El temor de algunos grupos conservadores es que la crisis Rusia-Ucrania pueda servir de factor de reaglutinamiento de la izquierda mexicana que desapareció en 1989 con la disolución del Partido Comunista Mexicano y la fundación del Partido de la Revolución Democrática, hechos que liquidaron a la izquierda socialista y marxista y le dejaron a la izquierda el indefinible espacio populista.

La crítica estadounidense al nacimiento del grupo de amistad México-Rusia fue el primer aviso de que la crisis euroasiática podría influir un poco en la reconfiguración del mapa ideológico de México y pudiera permitir la reconstrucción de una izquierda marxista desaparecida hace más de treinta años.

Y en caso de que sea imposible el renacimiento de una izquierda socialista, Estados Unidos dejó entrever su preocupación de que el gobierno mexicano regrese a su autonomía de política exterior que suele estar en contra de los enfoques imperiales estadounidenses.
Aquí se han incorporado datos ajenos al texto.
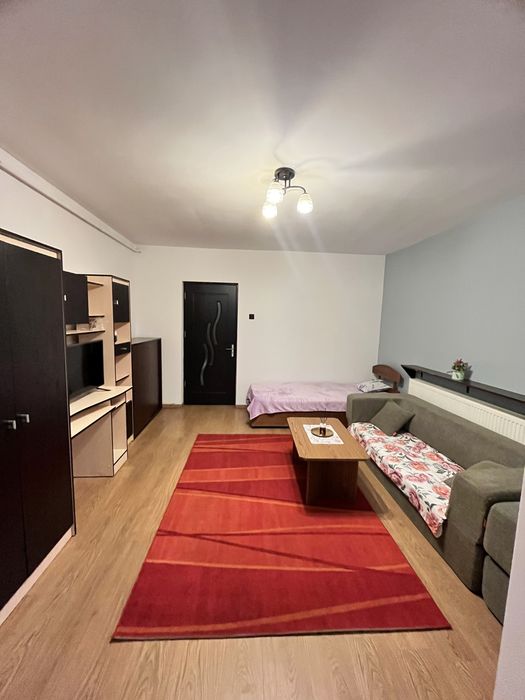 Apartamrnt cu o cameră de închiriat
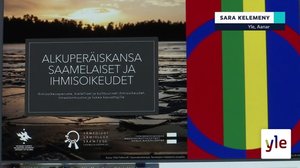 Yle Oddasat: 05.10.2021 16.45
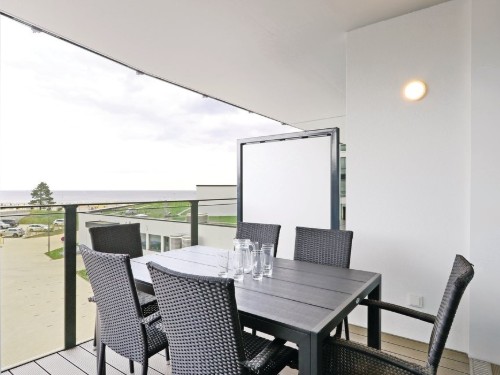 Ferielejlighed - 6 personer -  - Am Leuchtenfeld 5, Whg - High End Travemünde - 23570 - Lübeck Travemünde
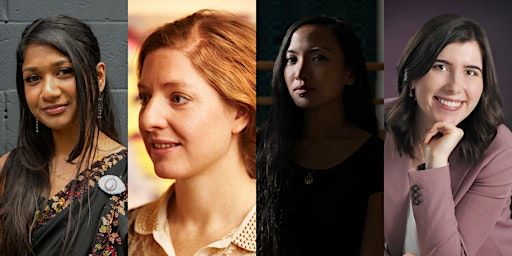 Threading Through Time: Artists in Conversation | University College Quad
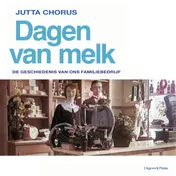 Omslag van Dagen van melk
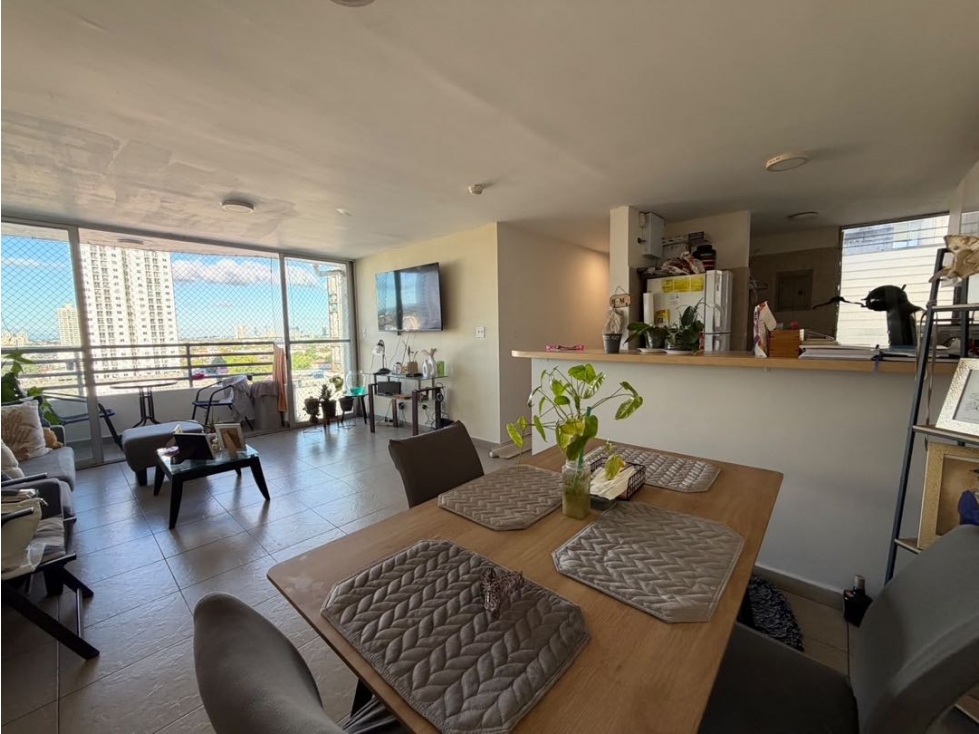 APARTAMENTO EN VENTA | P.H. DELTA TOWER — foto 2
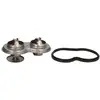 VERNET S.A.S. Thermostat d'eau (Ref: TH7106.83J)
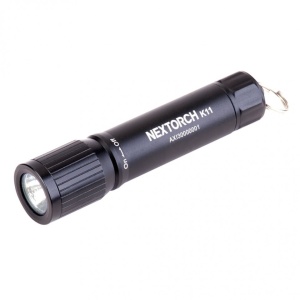 Lanterna tip breloc - K11 - 100 lm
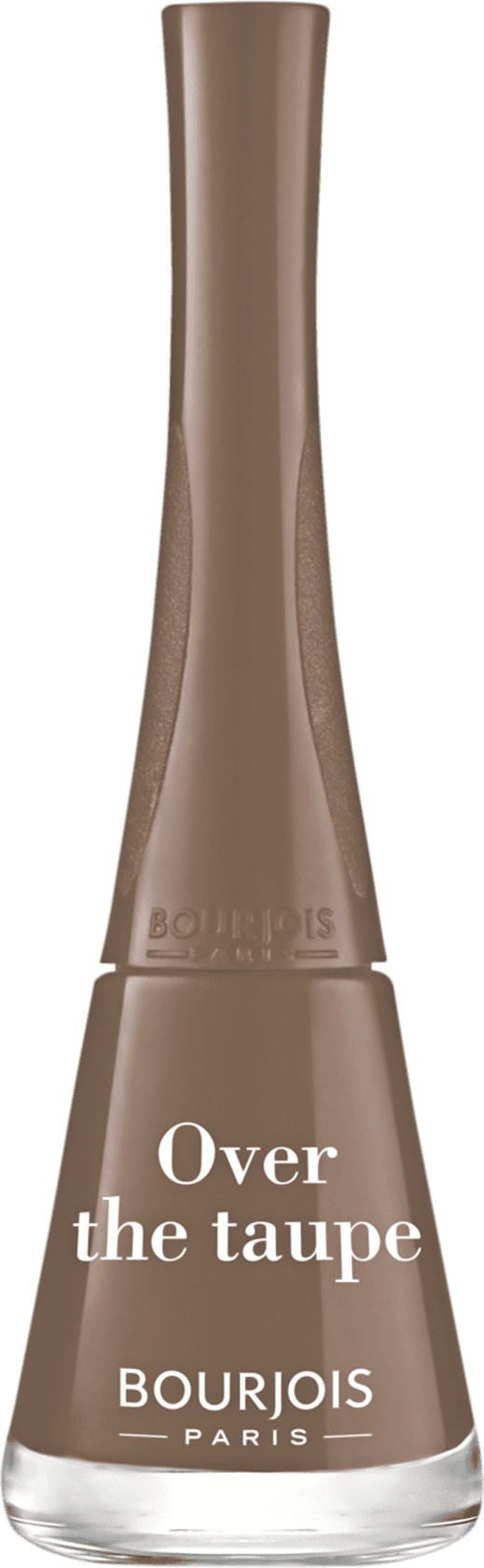 Bourjois 1 Seconde 03 Over The Taupe - Esmalte 9ml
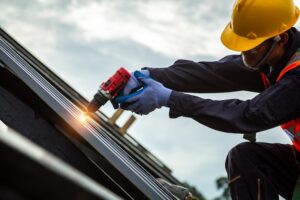 Signs Your Billings Roof
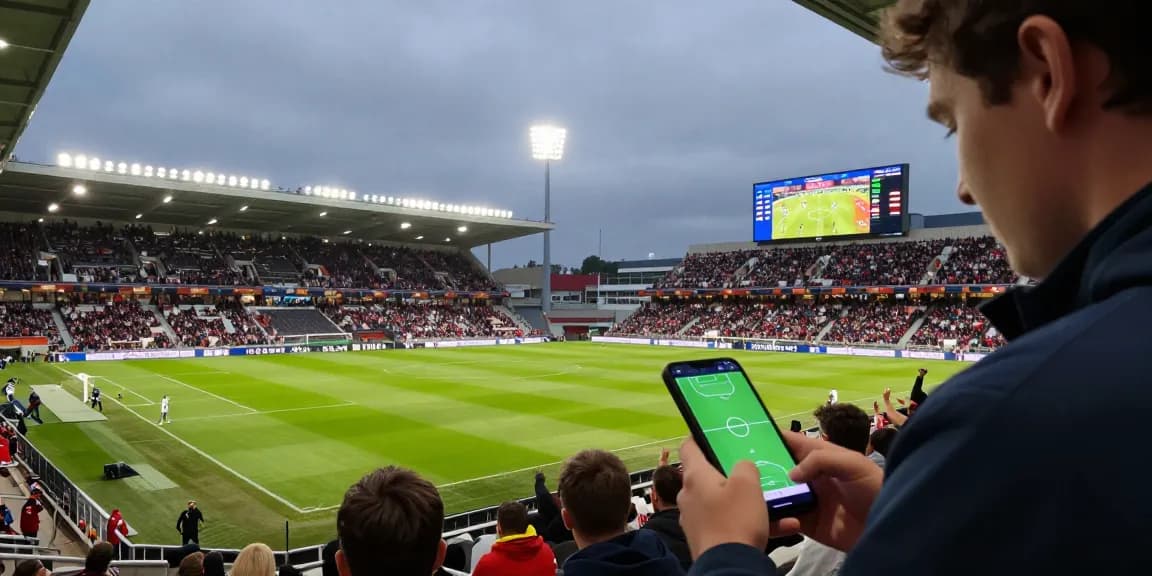How to Master Live World Cup - Cabong TV Betting in Just 30 Days for Better Odds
Por lo pronto, la política exterior del presidente López Obrador es contraria a los elementos de expansión imperial de Estados Unidos y podría ser el factor dinamizador para que el grupo de amistad México-Rusia en el Congreso juegue un papel importante que sea utilizado por el gobierno mexicano para evitar un alineamiento radical a los intereses de Washington.

La vieja Unión Soviética estuvo vinculada de manera muy estrecha a la izquierda marxista mexicana e inclusive multiplicó la capacitación ideológica de estudiantes mexicanos en universidades de Moscú, además de entrenamiento guerrillero clandestino.

Putin no es Fidel Castro de 1962, pero puede servir de pretexto para reaglutinar la izquierda mexicana socialista que pareció haber desaparecido del mapa ideológico después de 1989.